### [WHAT NEEDS TO BE DONE]
Nothing but the records, transcribed verbatim and stripped of images, should appear in the answer.

↓

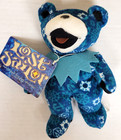 Grateful Dead Bean Bear  By Liquid Blue  Lost Sailor  birthday 8 31 1979  New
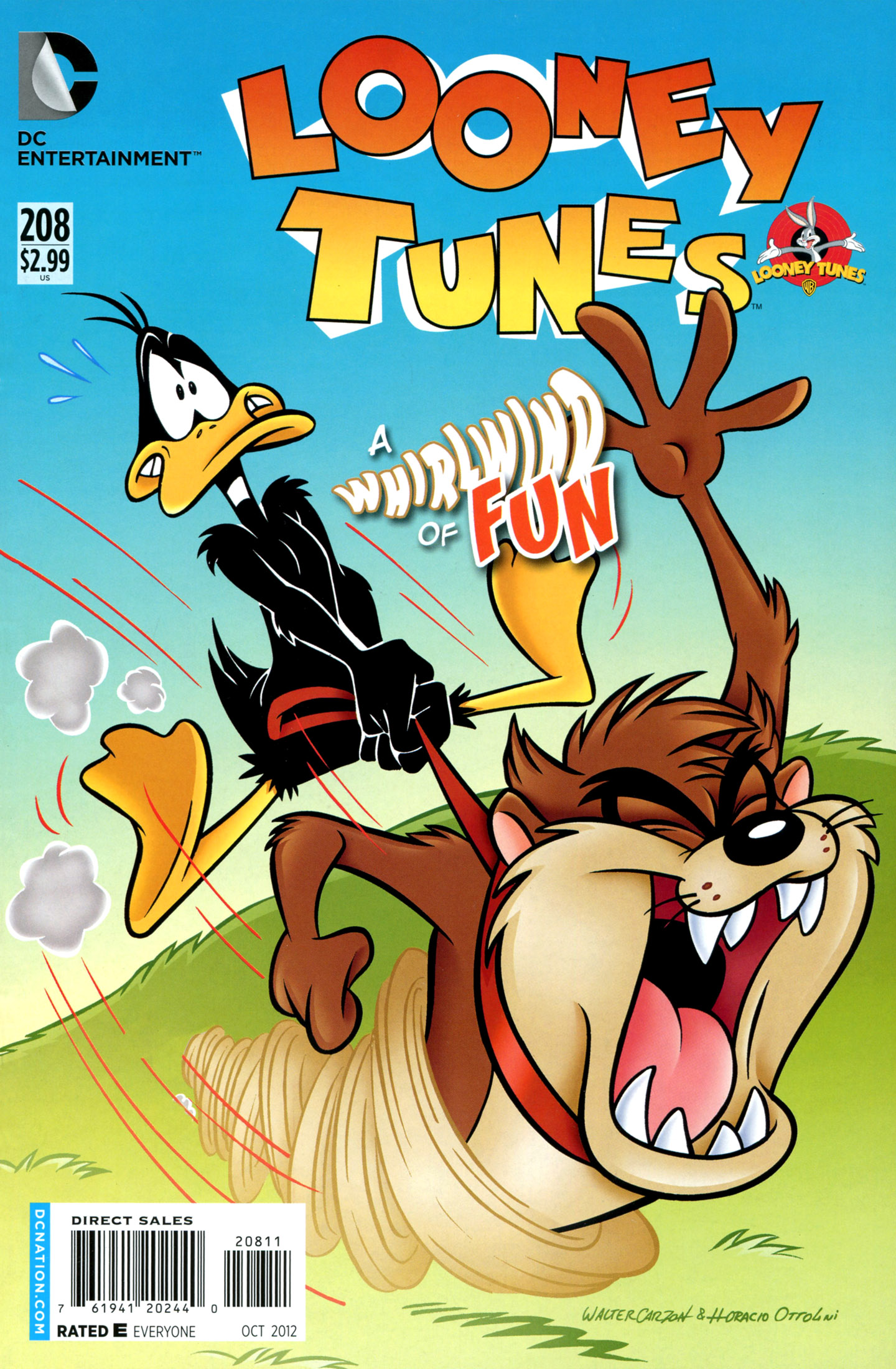 Looney Tunes (1994) #208 cover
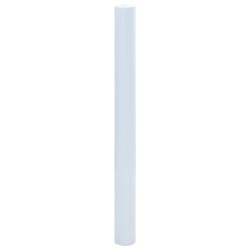 Films pour fenêtre 3 pcs statique dépoli blanc transparent PVC 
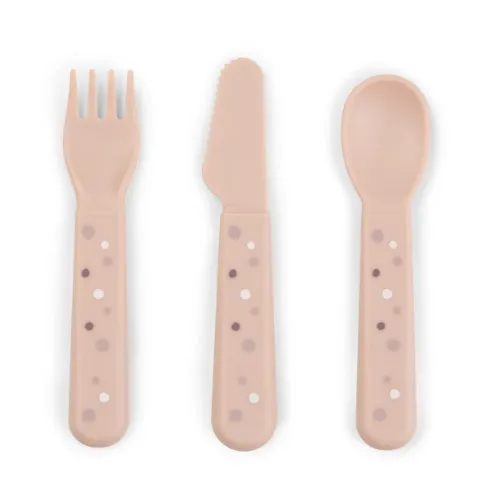 Foodie Happy Dots Cutlery set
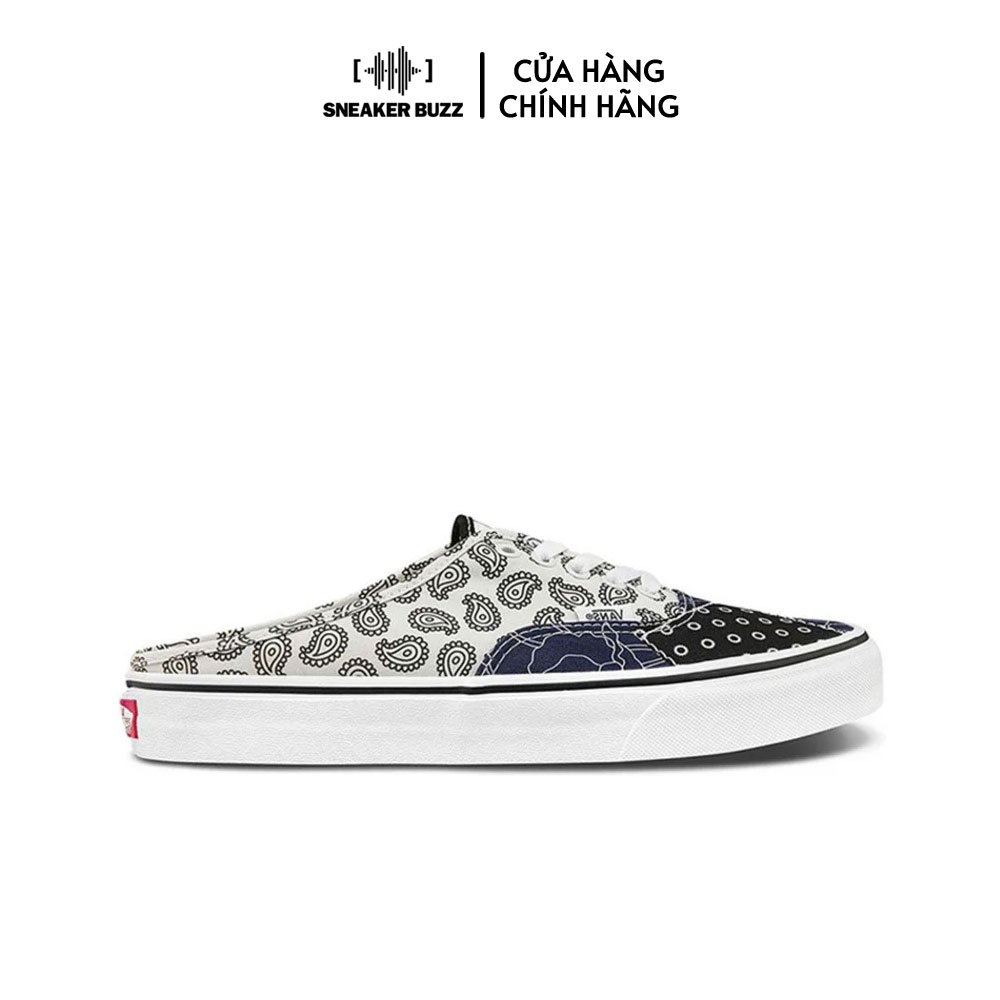 Giày Vans Pattern Mix Multi Authentic Mule - VN0A54F76UW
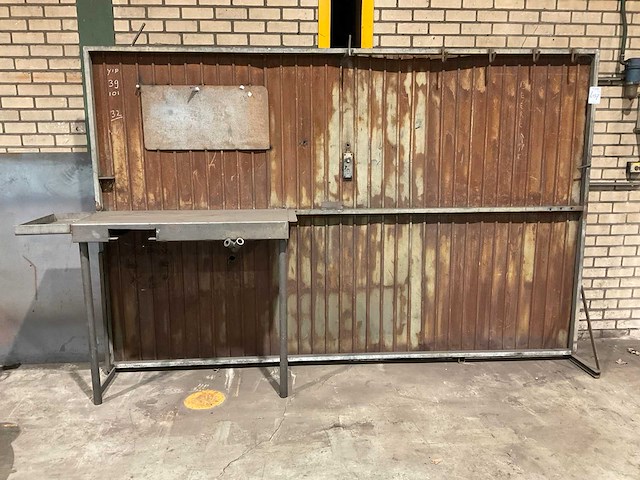 Lasscherm (2x) - afbeelding 1 van  3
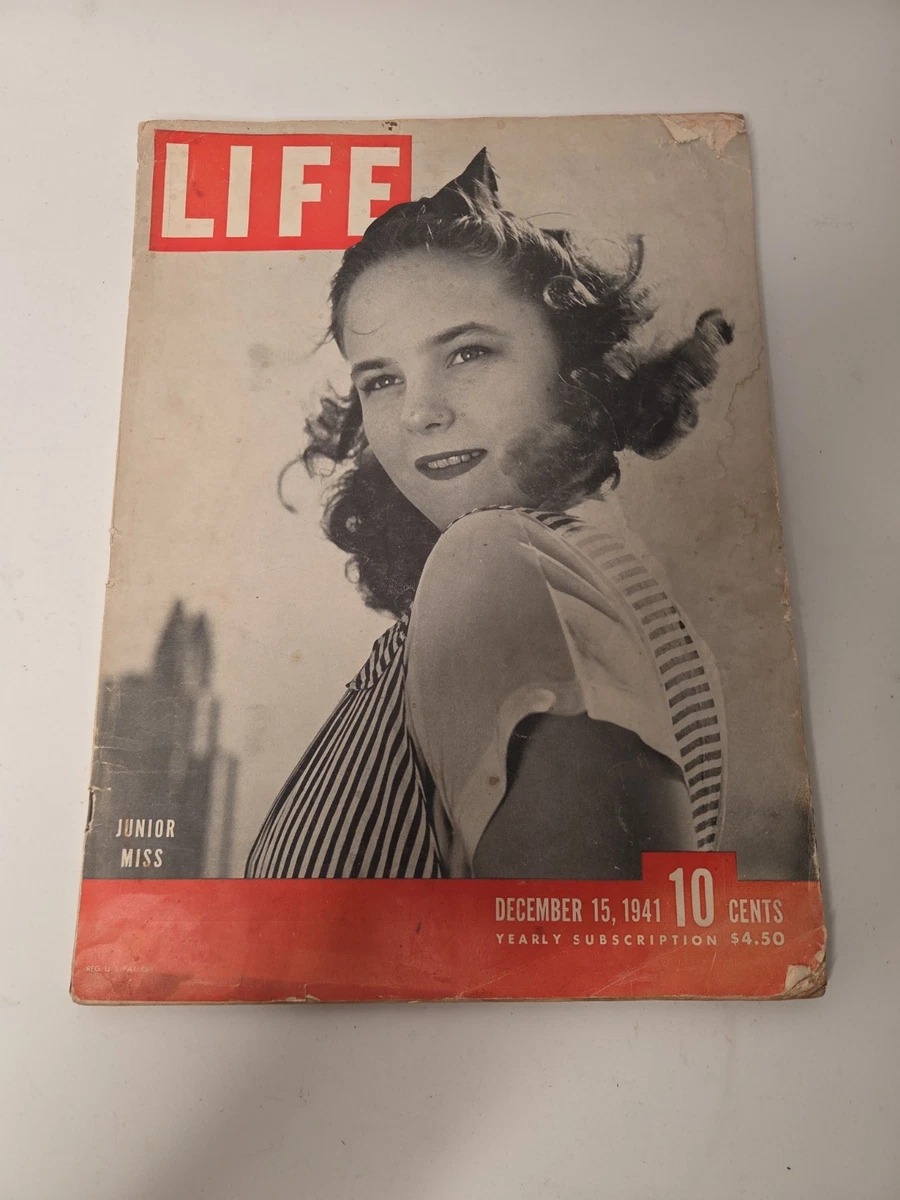 Life Magazine 1941 for sale | eBay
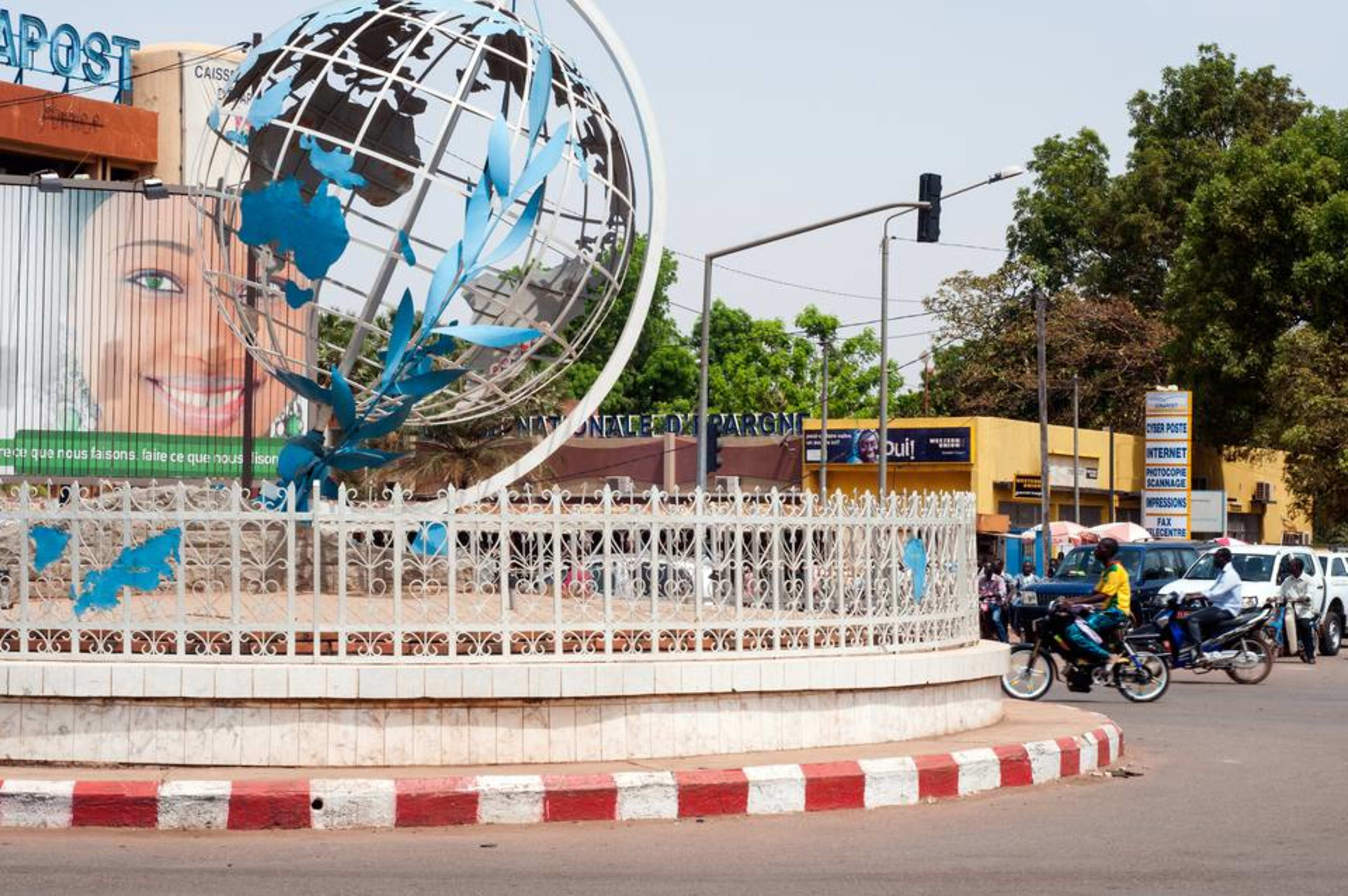 Rond-point des Nations Unies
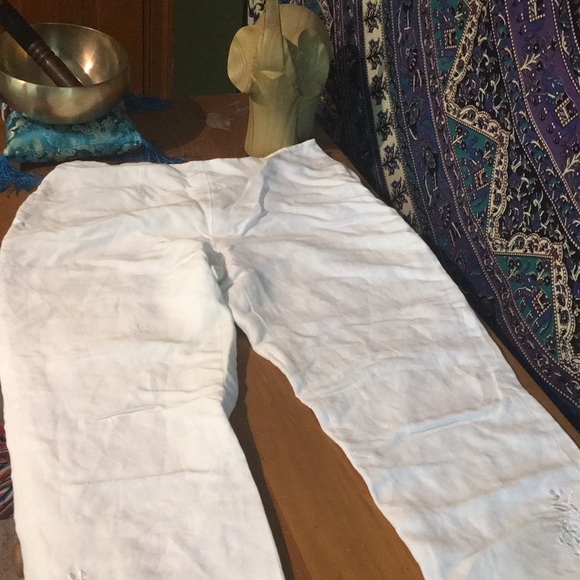 Petite Sophisticate Capri slacks - Picture 2 of 3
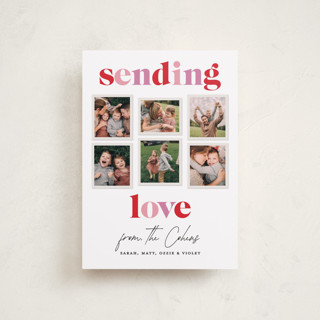 Earthen Valentine's Day Postcards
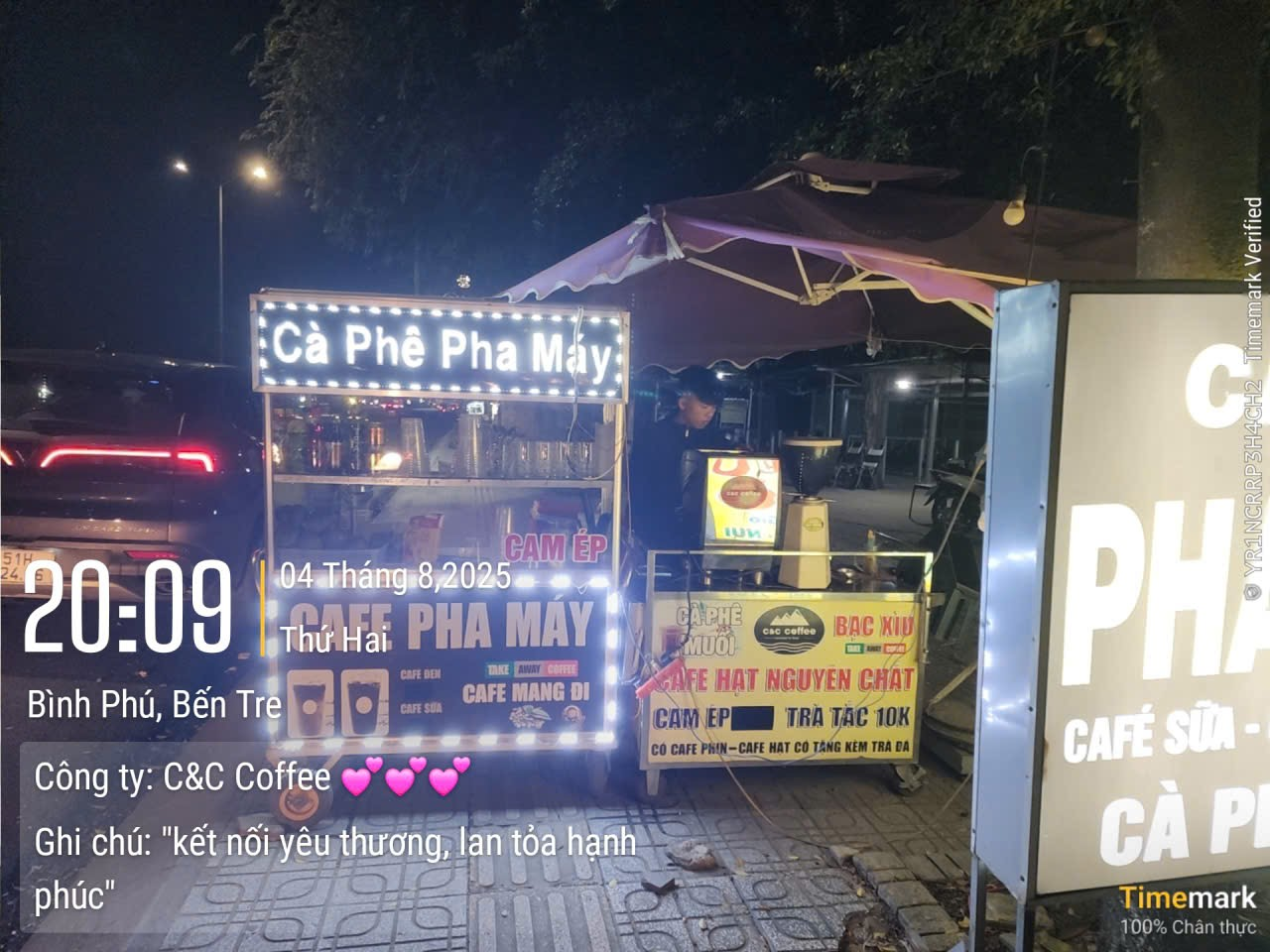 Bến Tre &#038; Cà phê pha máy C&#038;C Coffee – Từ miền dừa mộc mạc đến ly cà phê hiện đại
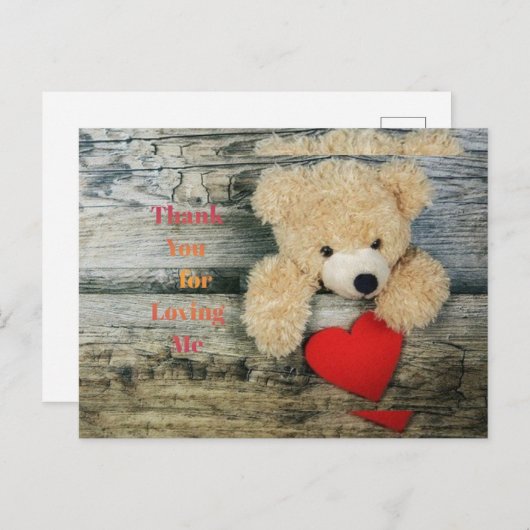 Postkarten Grüße für Liebhaber (Vorne/Hinten)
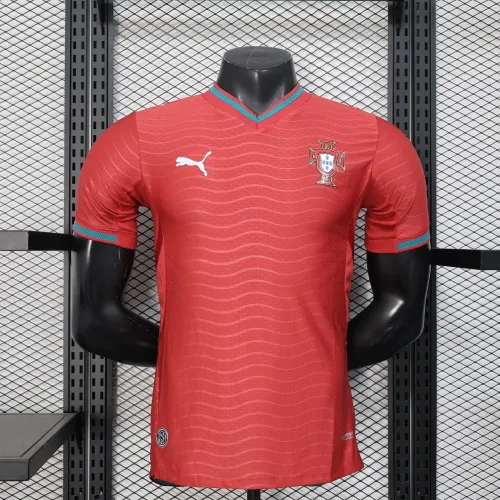 2026/2027 Player Version Portugal Home Football Jersey 1:1 Thai Quality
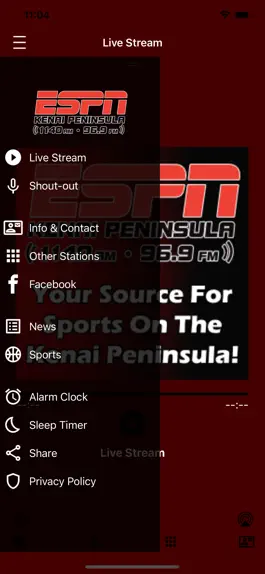 Game screenshot KSLD-AM apk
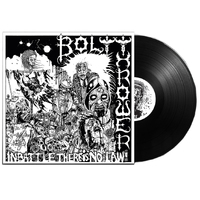 Bolt Thrower In Battle There Is No Law LP 180g Vinyl Record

↑

### [WRITTEN SOLUTION]
 Grateful Dead Bean Bear  By Liquid Blue  Lost Sailor  birthday 8 31 1979  New
 Looney Tunes (1994) #208 cover
 Films pour fenêtre 3 pcs statique dépoli blanc transparent PVC 
 Foodie Happy Dots Cutlery set
 Giày Vans Pattern Mix Multi Authentic Mule - VN0A54F76UW
 Lasscherm (2x) - afbeelding 1 van  3
 Life Magazine 1941 for sale | eBay
 Rond-point des Nations Unies
 Petite Sophisticate Capri slacks - Picture 2 of 3
 Earthen Valentine's Day Postcards
 Bến Tre &#038; Cà phê pha máy C&#038;C Coffee – Từ miền dừa mộc mạc đến ly cà phê hiện đại
 Postkarten Grüße für Liebhaber (Vorne/Hinten)
 2026/2027 Player Version Portugal Home Football Jersey 1:1 Thai Quality
 Game screenshot KSLD-AM apk
 Bolt Thrower In Battle There Is No Law LP 180g Vinyl Record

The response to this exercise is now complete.